しりあがり寿、和田ラヂヲ、上野顕太郎、カネコアツシらが手塚治虫をトリビュートする『テヅコミ』

マンガ・アニメ

2018/12/12

『テヅコミ』(マイクロマガジン社)

 しりあがり寿、和田ラヂヲ、上野顕太郎、カネコアツシ、史群アル仙、九部玖凛…。

 世代も作風も異なる面々だが、こんな錚々たるマンガ家たちが一堂に会し、刊行が始まったシリーズがある。それが、手塚治虫の生誕90周年を記念した書籍『テヅコミ』(マイクロマガジン社)だ。

『テヅコミ』では、手塚治虫を敬愛するマンガ家たちが、おなじみの手塚作品にアレンジを加えたオリジナルマンガを発表。創刊号となるVOL.1は10月5日に発売。月刊ペースで全18号での刊行を予定しており、12月5日にはVOL.3が発売された。

「影響を受けていないマンガ家はいない」と言われる手塚治虫だけに、そのトリビュート作品を描く面々も上記のように非常に多彩。アレンジ具合にも作者の色が表れている。第1号から、そのいくつかをご紹介しよう。

 たとえばしりあがり寿が描くマンガは「懊悩! マモルくん」。原作の『マグマ大使』は、正義の味方・マグマ大使と、地球侵略を狙う宇宙の帝王・ゴアとの戦いを、地球の少年・まもるくんの立場から描くマンガなのだが、しりあがり寿版はキャラは同じでもストーリーはまったく別モノに。

しりあがり寿「懊悩! マモルくん」

 マモル少年がマグマ大使の妻・モルに恋心を抱き(というかレオタード姿にムラムラし)、マグマ大使は「モルをこの手から奪うやつがいたら 火の海に沈め 素粒子にまで粉々にしてやる!!」と町を破壊するというメチャクチャなマンガになっていた。
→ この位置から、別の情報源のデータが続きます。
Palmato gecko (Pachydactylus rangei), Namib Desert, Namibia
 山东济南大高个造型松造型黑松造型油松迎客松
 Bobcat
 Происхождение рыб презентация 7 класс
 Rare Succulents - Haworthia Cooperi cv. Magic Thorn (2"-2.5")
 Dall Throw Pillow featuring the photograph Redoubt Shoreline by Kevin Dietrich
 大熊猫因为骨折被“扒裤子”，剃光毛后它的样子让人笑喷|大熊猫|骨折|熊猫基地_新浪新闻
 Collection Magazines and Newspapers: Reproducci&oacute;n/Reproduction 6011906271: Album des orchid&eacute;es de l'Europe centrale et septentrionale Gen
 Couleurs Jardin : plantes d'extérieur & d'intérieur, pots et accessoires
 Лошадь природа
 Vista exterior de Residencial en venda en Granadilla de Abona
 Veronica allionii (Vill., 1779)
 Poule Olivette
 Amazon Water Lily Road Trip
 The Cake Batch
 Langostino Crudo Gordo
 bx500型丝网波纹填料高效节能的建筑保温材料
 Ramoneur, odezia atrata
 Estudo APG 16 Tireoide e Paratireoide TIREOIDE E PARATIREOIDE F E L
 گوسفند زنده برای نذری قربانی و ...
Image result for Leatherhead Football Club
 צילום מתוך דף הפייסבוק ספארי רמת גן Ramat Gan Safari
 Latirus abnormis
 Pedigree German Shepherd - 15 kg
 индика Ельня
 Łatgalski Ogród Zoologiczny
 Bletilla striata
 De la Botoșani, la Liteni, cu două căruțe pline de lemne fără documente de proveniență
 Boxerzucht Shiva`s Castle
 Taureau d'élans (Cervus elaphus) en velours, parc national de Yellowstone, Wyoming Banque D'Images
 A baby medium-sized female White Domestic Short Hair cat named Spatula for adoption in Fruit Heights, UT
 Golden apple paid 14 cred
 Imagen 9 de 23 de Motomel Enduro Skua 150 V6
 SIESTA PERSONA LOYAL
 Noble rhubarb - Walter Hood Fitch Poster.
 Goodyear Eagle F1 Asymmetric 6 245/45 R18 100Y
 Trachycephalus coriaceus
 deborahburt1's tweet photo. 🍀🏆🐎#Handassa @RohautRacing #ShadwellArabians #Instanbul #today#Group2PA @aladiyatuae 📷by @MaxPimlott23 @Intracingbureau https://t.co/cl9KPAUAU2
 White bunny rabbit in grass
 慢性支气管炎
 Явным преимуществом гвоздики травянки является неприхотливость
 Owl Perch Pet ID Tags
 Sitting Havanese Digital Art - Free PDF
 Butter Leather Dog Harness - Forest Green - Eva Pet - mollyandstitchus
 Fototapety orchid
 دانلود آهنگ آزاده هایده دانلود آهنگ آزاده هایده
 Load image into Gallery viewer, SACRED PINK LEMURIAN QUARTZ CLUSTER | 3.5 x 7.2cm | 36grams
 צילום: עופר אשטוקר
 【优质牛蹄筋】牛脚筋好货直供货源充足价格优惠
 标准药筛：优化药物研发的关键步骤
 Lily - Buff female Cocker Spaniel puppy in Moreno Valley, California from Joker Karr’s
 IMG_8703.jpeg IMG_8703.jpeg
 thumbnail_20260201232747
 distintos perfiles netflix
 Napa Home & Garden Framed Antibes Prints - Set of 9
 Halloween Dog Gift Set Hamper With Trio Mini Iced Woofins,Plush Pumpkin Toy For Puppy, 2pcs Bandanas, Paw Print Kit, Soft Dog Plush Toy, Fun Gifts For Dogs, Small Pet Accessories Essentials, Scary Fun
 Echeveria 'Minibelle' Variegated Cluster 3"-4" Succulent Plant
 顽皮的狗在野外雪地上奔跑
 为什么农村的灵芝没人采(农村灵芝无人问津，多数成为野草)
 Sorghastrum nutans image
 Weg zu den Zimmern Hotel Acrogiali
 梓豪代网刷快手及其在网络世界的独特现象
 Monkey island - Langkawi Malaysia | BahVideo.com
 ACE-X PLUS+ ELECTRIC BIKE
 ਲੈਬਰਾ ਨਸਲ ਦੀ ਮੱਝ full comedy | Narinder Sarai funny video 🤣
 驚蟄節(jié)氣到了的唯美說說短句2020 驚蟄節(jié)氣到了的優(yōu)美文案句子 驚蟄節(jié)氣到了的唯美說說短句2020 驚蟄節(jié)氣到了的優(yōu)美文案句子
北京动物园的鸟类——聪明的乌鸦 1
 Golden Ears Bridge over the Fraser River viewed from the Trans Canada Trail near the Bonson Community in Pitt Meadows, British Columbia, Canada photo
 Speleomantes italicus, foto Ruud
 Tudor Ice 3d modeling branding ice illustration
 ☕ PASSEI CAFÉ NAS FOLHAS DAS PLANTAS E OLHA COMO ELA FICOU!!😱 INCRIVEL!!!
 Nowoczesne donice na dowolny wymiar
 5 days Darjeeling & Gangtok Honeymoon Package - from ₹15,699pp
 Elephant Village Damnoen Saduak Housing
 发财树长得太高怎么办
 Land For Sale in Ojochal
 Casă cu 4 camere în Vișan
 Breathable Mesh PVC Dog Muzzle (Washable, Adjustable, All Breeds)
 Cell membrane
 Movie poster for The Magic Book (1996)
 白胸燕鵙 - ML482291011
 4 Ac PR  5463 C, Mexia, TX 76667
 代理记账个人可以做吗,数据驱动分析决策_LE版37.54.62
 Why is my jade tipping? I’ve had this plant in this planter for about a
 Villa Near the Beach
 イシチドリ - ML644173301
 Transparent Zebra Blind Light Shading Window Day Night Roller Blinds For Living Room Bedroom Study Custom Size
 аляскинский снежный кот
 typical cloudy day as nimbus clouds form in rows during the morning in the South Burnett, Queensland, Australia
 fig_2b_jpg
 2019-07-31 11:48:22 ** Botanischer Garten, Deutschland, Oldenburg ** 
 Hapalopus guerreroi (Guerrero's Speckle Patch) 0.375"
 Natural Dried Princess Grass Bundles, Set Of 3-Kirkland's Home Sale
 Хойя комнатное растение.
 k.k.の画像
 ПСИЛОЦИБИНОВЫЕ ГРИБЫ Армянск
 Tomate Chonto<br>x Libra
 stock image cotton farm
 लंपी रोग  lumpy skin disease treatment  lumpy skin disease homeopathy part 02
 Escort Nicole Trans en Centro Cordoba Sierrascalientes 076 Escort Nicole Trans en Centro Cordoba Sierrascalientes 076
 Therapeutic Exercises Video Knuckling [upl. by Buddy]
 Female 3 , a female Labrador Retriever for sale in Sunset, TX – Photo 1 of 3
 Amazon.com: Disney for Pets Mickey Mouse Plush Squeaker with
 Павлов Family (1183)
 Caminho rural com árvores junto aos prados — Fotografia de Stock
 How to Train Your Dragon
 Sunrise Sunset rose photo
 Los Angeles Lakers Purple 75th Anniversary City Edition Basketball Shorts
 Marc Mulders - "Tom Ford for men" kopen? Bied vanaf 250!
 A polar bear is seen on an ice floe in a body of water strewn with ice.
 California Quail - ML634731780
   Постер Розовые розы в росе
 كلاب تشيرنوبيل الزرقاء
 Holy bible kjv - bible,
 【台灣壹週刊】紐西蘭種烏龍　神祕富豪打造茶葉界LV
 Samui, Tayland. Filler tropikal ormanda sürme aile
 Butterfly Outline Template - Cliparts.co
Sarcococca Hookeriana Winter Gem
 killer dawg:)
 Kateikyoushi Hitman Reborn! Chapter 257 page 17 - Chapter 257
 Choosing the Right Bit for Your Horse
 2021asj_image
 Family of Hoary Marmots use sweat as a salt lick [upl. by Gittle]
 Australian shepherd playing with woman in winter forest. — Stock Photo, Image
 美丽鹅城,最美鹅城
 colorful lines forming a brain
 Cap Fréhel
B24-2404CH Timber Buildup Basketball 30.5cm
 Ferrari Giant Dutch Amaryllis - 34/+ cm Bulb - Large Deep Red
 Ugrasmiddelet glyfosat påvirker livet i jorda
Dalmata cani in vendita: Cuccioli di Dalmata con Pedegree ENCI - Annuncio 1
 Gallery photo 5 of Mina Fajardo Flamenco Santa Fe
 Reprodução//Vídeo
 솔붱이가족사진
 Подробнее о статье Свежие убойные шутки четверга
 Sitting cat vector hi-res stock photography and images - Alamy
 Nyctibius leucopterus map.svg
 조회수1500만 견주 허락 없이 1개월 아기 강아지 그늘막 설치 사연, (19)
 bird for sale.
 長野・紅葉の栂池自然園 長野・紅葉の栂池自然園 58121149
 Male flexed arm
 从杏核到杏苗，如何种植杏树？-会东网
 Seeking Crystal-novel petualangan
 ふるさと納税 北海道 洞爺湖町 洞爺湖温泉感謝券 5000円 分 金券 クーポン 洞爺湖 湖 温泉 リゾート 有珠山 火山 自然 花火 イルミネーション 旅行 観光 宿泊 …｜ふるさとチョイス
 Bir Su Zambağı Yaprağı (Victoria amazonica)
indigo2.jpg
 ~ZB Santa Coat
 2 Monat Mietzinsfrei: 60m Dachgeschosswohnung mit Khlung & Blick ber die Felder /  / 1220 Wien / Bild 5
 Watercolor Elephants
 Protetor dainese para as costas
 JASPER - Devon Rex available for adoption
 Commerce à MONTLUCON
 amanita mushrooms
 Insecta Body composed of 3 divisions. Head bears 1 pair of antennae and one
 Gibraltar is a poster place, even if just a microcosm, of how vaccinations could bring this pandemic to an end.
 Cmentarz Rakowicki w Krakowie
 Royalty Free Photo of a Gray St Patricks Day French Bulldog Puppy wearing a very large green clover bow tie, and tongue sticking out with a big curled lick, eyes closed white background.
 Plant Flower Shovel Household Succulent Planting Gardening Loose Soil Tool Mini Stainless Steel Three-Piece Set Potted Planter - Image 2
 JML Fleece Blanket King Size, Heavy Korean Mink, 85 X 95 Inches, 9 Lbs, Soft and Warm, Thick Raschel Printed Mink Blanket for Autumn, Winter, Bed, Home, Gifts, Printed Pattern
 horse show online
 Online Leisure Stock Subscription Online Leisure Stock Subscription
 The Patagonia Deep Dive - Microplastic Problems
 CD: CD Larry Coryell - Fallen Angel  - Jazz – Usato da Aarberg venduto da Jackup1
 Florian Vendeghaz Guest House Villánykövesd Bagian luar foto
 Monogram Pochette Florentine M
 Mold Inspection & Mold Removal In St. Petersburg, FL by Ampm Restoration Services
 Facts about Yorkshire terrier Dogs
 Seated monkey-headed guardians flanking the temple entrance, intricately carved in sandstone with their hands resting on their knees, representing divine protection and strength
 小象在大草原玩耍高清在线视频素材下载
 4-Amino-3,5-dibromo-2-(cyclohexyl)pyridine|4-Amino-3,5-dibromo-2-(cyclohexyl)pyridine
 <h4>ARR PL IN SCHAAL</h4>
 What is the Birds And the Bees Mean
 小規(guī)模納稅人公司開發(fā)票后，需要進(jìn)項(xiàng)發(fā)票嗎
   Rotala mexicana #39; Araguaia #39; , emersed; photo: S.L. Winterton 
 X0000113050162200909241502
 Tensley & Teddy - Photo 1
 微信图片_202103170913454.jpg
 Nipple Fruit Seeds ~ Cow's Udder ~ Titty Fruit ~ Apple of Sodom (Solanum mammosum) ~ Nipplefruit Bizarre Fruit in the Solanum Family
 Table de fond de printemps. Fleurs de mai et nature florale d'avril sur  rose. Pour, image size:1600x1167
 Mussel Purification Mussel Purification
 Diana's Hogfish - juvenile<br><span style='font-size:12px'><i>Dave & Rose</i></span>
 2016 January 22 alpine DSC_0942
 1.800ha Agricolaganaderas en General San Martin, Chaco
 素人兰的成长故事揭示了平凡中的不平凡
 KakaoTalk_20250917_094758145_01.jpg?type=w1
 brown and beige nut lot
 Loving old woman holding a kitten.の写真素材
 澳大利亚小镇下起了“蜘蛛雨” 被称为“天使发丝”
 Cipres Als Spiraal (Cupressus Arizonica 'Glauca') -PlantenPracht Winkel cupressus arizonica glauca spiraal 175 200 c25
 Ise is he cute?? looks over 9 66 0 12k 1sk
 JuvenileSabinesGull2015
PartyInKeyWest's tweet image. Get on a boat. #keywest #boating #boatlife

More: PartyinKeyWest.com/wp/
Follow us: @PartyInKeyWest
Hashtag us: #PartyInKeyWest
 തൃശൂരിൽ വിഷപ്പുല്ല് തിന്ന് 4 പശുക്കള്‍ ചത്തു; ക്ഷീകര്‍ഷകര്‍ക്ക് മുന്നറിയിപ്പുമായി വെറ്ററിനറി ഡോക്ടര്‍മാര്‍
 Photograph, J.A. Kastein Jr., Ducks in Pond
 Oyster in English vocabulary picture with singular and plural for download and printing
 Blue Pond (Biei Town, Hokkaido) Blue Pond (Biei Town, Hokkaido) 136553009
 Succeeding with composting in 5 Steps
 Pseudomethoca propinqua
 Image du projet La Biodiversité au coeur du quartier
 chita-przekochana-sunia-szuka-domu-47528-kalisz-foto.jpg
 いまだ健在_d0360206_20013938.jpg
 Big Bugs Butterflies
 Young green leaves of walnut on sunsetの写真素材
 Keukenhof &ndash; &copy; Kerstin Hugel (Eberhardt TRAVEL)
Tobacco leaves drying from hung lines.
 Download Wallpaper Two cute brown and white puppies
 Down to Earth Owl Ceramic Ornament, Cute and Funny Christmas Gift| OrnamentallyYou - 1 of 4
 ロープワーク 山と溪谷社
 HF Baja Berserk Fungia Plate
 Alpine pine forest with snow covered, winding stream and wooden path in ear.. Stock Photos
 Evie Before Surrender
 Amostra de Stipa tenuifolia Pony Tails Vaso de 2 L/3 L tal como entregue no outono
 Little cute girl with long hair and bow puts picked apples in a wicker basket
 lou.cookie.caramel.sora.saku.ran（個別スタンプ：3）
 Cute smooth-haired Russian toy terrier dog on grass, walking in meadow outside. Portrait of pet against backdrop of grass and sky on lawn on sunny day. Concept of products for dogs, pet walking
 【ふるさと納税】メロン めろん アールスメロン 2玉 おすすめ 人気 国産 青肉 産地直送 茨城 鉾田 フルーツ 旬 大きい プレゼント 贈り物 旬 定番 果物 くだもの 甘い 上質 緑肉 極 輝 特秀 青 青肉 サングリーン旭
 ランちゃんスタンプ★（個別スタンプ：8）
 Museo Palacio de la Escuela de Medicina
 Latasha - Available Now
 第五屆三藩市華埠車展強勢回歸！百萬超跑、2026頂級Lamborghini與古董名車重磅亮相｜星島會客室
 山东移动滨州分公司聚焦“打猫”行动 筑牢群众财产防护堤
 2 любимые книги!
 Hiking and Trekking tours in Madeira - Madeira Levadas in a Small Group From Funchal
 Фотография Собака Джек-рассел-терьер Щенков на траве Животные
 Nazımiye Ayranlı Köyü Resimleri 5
なお、第1話の扉絵のキャッチコピーが、原作の第1話と同じものだったり、第2話には「これは手塚治虫というより○星大二郎トリビュートなんじゃ…」という場面もあったりと、細かな小ネタがちりばめられているのも必見だ。

史群アル仙「グルグルギューン」

 ちなみに和田ラヂヲは「和田ラヂヲの火の鳥」(原作:『火の鳥』)で期待通りの脱力っぷりを、上野顕太郎は「治虫の国のアリス」で期待通りの大パロディっぷりを披露。平成生まれながら、手塚治虫をはじめとした昭和のマンガ色が強い作風で話題を呼んでいた史群アル仙は、『ブラック・ジャック』の名作回「笑い上戸」(少年期のブラック・ジャックと同級生“ゲラ”の友情を描いた話)に自ら入り込むマンガ「グルグルギューン」を描いている。

武礼堂「新約・リボンの騎士」

九部玖凛「亜夜子」

 一方で武礼堂(村正みかど・宮本ろば・はまむらとしきり)の「新約・リボンの騎士」(原作:『リボンの騎士』)や、九部玖凛の「亜夜子」(原作:『奇子』) などでは、手塚キャラたちが現代的にエロティックな作画で登場。いずれも原作の骨子を引き継いだ話となっているが、男の心と女の心を持つ王女が主人公の『リボンの騎士』の物語は、「時代が手塚治虫に追いついた」と思えるほど“今風”のもの。狂気に蝕まれた『奇子』の世界は、原作を知らない人には「え、手塚治虫ってこんな話も描いていたの…?」と衝撃を与えるだろう。

 なお『テヅコミ』は各号400ページ超の大ボリューム。参加した作家のインタビューをはじめ、読み物も充実しており、堀江貴文が手塚作品を語る連載もある。『ブラック・ジャック』について「僕は高額な治療費を吹っかけることが悪だなんて全然思わなくて、むしろ好感が持てる」と話しつつ、「たとえば『ワンピース』みたいな世界観って、僕にとってはものすごく気持ち悪いんだよ」と流れ弾も飛ばしており、ホリエモン節が全開だ。

 なお各号ごとにゲスト作家もおり、12月5日発売のVOL.3では野上武志「ねこのち」(原作:猫の血)が掲載。ここまで紹介してきた「懊悩!マモルくん」「和田ラヂヲの火の鳥」「治虫の国のアリス」「グルグルギューン」「新約・リボンの騎士」が引き続き連載で収録されるほか、手塚治虫の名作の一部も毎号掲載されており、今回は『火の鳥』未来編、『ネオ・ファウスト』、『猫の血』などが収録されている。この『テヅコミ』シリーズは、手塚治虫の世界にほとんど触れたことがない人にも、よい入門編となるはずだ。